President and chief executive Craig Conway told 2,500 customers, media and analysts at the PeopleSoft Leadership Summit that the Pleasanton, Calif., company would focus on improving the "ownership experience" of its customers. Simply stated, the initiative would:

  • Reduce costs of operating technology organizations, by embedding code into applications so that performance could be monitored and needed patches automatically identified.

  • End "dependencies'' on proprietary operating systems, such as Microsoft's Windows software for desktop and server computers. PeopleSoft specifically said it would release versions of its entire product lineup that would run on the Red Hat distribution of the "open" operating system known as Linux. The company also announced an alliance with IBM that would tune those applications to run on Big Blue's hardware.

  • Eliminate middleware. PeopleSoft said its applications now would be able to connect to and draw data from applications sold by its chief rivals, SAP and Oracle. Companies would no longer have to spend on intermediary software that made the connections for them, often on a custom basis.

    Conway said the moves would have a "profound impact on enterprise software,'' and help extend companies' spending on new information technology.

    In particular, companies will save on the amounts they spend on integrating software from different suppliers. He said $1 out of every $3 spent on information technology by companies today goes toward such integration. One PeopleSoft customer, CitiGroup, spent significantly more than 50 percent of its budget on tying together disparate systems, he said.

    PeopleSoft, in fact, announced several initiatives that would potentially reduce the amount of money technology shops would have to spend on people, as well.

    Conway said, for instance, that PeopleSoft would direct 500 of its own developers to simplify or remove tasks now handled by technology professionals in corporations today, in the installation, configuration, support, upgrading and performance monitoring of their systems.

    The company also announced a product called Enterprise Service Automation for IT that would automate key processes of a technology organization, including methods of managing spending and "optimizing" the use of available hardware, software and personnel. For instance, the software would keep management apprised of what deployments of new systems are running behind schedule and which are running over budget, marking them for potential elimination.

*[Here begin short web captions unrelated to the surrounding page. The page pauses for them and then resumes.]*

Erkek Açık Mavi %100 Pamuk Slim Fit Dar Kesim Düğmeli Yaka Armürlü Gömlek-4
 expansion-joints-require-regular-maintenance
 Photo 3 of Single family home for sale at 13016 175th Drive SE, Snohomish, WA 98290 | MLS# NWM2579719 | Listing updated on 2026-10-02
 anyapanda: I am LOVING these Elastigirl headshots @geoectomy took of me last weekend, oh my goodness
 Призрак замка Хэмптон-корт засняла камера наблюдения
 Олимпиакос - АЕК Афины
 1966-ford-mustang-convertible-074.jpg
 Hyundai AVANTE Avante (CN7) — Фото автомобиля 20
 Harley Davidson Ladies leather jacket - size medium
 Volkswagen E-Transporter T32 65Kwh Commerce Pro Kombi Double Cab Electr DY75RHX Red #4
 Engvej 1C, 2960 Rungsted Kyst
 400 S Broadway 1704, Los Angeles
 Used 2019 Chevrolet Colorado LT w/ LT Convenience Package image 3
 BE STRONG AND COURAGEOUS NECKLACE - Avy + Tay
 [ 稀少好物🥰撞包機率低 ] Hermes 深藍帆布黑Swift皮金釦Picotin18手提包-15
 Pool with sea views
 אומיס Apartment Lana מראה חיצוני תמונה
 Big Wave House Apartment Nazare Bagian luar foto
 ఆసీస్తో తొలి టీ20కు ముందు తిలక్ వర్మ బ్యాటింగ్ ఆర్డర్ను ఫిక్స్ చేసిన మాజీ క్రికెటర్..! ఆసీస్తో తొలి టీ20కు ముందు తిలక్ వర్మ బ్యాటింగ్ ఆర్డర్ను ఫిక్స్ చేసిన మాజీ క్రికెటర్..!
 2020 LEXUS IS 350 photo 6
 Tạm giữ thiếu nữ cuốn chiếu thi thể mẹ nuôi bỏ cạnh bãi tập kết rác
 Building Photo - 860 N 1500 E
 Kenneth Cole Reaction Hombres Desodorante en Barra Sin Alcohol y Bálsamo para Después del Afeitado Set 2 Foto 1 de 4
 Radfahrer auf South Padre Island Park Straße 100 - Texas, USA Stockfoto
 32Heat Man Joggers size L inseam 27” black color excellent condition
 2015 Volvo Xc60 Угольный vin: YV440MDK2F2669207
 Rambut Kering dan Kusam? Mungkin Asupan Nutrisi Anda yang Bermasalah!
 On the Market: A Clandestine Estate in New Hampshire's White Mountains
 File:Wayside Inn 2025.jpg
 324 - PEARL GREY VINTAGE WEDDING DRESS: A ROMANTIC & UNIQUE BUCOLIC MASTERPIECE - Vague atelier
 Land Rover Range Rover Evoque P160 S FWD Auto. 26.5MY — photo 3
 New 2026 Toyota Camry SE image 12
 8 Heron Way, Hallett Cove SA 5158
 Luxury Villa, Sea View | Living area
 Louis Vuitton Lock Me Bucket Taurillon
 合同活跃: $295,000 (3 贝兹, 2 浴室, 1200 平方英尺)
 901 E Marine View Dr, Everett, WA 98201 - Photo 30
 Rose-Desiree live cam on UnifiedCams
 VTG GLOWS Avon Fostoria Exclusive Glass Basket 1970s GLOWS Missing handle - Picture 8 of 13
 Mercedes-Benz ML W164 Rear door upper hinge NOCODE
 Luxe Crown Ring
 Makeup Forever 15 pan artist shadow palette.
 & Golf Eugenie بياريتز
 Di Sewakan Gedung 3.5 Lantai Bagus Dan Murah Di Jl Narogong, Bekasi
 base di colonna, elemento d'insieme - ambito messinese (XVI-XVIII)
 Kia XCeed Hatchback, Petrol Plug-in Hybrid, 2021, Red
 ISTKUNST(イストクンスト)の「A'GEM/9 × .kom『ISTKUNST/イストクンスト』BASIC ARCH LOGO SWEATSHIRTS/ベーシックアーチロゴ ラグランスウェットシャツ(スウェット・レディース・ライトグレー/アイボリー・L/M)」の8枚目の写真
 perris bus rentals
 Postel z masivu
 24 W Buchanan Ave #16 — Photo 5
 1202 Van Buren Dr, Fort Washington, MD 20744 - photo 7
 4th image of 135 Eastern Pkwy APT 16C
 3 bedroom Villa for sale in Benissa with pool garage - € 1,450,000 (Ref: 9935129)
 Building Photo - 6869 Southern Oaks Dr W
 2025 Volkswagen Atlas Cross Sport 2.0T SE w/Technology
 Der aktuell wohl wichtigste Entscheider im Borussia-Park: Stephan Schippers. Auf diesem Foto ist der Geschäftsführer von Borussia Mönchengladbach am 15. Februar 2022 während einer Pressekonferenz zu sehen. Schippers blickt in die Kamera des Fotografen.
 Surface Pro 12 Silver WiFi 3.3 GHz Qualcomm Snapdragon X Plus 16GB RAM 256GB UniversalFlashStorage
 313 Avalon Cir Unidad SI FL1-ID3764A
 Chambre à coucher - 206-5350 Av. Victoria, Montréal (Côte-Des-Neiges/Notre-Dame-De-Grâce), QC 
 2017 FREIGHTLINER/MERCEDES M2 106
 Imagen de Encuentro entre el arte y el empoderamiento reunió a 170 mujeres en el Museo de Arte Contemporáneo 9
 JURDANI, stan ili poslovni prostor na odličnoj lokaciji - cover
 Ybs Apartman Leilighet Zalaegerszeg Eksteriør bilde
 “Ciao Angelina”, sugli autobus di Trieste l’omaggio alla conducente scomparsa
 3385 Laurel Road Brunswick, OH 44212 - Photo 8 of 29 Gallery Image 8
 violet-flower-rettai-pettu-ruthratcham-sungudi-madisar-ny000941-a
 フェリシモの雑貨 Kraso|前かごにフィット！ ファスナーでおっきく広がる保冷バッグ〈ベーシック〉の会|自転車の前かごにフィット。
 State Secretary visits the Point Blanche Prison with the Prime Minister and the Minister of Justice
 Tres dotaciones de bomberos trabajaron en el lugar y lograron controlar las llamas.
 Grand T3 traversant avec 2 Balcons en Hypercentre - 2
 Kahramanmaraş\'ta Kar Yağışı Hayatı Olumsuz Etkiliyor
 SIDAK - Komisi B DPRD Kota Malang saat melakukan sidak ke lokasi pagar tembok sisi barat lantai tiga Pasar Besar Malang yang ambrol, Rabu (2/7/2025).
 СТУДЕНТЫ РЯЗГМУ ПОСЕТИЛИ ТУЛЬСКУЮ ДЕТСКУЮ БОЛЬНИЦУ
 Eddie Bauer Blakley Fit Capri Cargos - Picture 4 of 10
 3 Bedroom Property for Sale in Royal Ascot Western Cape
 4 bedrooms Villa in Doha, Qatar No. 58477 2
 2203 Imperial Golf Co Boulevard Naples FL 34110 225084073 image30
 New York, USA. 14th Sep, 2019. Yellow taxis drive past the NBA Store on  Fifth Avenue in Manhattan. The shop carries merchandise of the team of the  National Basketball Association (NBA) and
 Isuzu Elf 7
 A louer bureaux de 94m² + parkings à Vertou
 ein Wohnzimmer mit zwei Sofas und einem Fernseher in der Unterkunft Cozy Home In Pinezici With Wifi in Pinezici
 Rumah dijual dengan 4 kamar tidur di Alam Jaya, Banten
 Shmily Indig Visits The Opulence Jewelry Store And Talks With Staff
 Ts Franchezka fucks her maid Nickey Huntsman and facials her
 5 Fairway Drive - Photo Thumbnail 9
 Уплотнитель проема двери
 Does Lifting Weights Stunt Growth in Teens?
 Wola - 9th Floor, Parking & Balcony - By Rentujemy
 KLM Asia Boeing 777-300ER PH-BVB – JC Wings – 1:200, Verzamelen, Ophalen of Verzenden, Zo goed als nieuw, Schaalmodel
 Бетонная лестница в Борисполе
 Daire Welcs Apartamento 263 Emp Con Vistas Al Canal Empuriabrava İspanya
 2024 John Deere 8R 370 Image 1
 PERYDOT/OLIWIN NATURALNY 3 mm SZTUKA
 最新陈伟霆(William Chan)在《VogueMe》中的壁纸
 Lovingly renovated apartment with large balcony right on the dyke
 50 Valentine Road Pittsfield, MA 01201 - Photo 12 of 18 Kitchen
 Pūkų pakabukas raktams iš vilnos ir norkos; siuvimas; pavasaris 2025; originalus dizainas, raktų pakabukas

    As part of this effort, PeopleSoft announced a partnership with Cap Gemini Ernst & Young that would encapsulate best practices and industry expertise for technology managers, called CIO OneSource.

    The idea, said executive vice president Ram Gupta, was to create a planning and management system for technology executives. He called it "ERP for the CIO.''

    Further offloading tasks on enterprise software installations, the company said it would open a lab in Bangalore, India, where deployments for global customers would be tested, assisting and speeding the actual installation on a customer's campuses.

    The company said it also would expand the ability of its software to connect to and work with data from systems from rival suppliers of enterprise software, such as J.D. Edwards or Siebel Systems. "The list will grow,'' said Pat Quirk, vice president of PeopleSoft manufacturing products.